I wonder if Barack Obama and John McCain have a campaign presence on Second Life. If not, maybe they should.

A new survey by the Pew Internet & American Life Project, and co-authored by the Mills College Civic Engagement Research Group, estimates that that 97 percent of kids between the ages of 12 and 17 play some kind of video game.

More than half of the young gamers surveyed said they considered moral and ethical issues while playing, while 43 percent made decisions about how a community, a city, or a nation should be run.

It also found that civic engagement in gaming was spread equally across racial, ethnic and socioeconomic lines.

Skeptical?

A Mills College white paper delved into more detail about how games like SimCity and World of Warcraft have the potential to involve young people in American democracy. (That this is a real need has been well documented: The Center for Research on Civic Learning and Engagement recently found that 58 percent of youth were “disengaged” from electoral or civic activities, such as voting or volunteering.)

Kids who play SimCity, for example, are cast as mayor and are responsible for setting taxes and investing in infrastructure. Here’s one exchange, which was included in the Mills paper:

sedimenjerry (Traveler)5/192:26 pm
HELP!!!
I used to have a large city with a population of
about 670,000
Now it is about half of that.
Why is the population decreasing so much?
HELP PLEASE

Maxis92(Dweller) 3:38 pm
Well, your situation is pretty vague and it could
be a number of reasons.
Could you give us a brief idea of how your city
develop when it was at 670,000 to now (crime
rates, education, jobs, commute time, pollution,
taxes, etc.)

Hahayoudied (Loyalist) 5:59 pm
We can’t shoot your problems in the dark, why
not give us some information about your city,
and if you have changed it.

sedimenjerry (Traveler) 5/20 1:05 pm
oh sorry that would help
it is on a large city tile and within a half a year
(simcty time) it declined sharply. demand is still
high for commercial res. and industrial. crime
has gone down health is fine garbage has gone
down. there are no power or water outages.

What lessons can be taken from this study? Do you see the potential for schools to tap into this technology to make civics and democracy more relevant to youth? Are some teachers doing it already?

image from taka_aka_T’s site at flickr.com/creativecommons

Katy Murphy

Education reporter for the Oakland Tribune. Contact me at kmurphy@bayareanewsgroup.com.

  • Sue

    It wouldn’t work with my sons – they think Sims are “booooring”. They have to buy their own video games, and have gone for other titles but not WoW, either.

    OTOH, they liked to tag along when DH and I went to vote (until they got old enough to be left at home alone, anyway) and they semi- pay attention when we’re talking politics, elections, candidates, city measures, state propositions, etc. If they throw out a comment in those conversations, we’ll respond reasonably even if their ideas are sometimes naive. I’ve been pleasantly surprised more often than not by their insights and lack of naivete.

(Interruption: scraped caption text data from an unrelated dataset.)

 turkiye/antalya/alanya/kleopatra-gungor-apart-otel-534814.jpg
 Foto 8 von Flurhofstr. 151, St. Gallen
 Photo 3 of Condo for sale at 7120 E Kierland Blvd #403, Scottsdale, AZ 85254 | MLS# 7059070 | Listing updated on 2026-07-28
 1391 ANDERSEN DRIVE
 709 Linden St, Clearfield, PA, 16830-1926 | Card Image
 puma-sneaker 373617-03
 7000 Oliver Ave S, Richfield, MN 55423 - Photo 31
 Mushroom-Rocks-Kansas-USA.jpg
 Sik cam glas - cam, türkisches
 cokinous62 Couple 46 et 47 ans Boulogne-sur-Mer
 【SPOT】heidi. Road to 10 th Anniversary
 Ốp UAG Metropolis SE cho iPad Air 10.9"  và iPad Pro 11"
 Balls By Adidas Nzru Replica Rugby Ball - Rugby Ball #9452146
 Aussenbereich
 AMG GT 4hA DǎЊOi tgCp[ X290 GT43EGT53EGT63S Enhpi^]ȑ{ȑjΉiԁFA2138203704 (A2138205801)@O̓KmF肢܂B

    I think they’re getting it, and will be part of the 42% engaged instead of the 58% disengaged – it’s the same civic-minded child-rearing that my parents and DH’s practiced, and it seems to have worked pretty well.

  • Katy Murphy

    OTOH…

    Sue, you are way beyond me with your online acronym-speak. It took me a few minutes, but I finally figured out what that meant.

  • Nextset

    I suppose the Sims games might force the kids out of their magical fantasies that people behave in ways we want them to behave. People do as they damn well please – with survival being high among the motivators (followed by food, fun, sex, family or whatever). A Sims game might be one way to introduce the concept of free minds and free markets, until the kids learned to rewrite the code of the game so that the people would behave and take orders from God.

    When I speak of Civics I’m thinking of structure of government and government operations – not volunteering. I tend to follow Ayn Rand on Alturism. I’m no longer a Rotary member.

  • Sue

    I’m sorry, Katy. I didn’t intend to be unclear.

  • Katy Murphy

    No need to apologize, Sue! I was actually making fun of myself.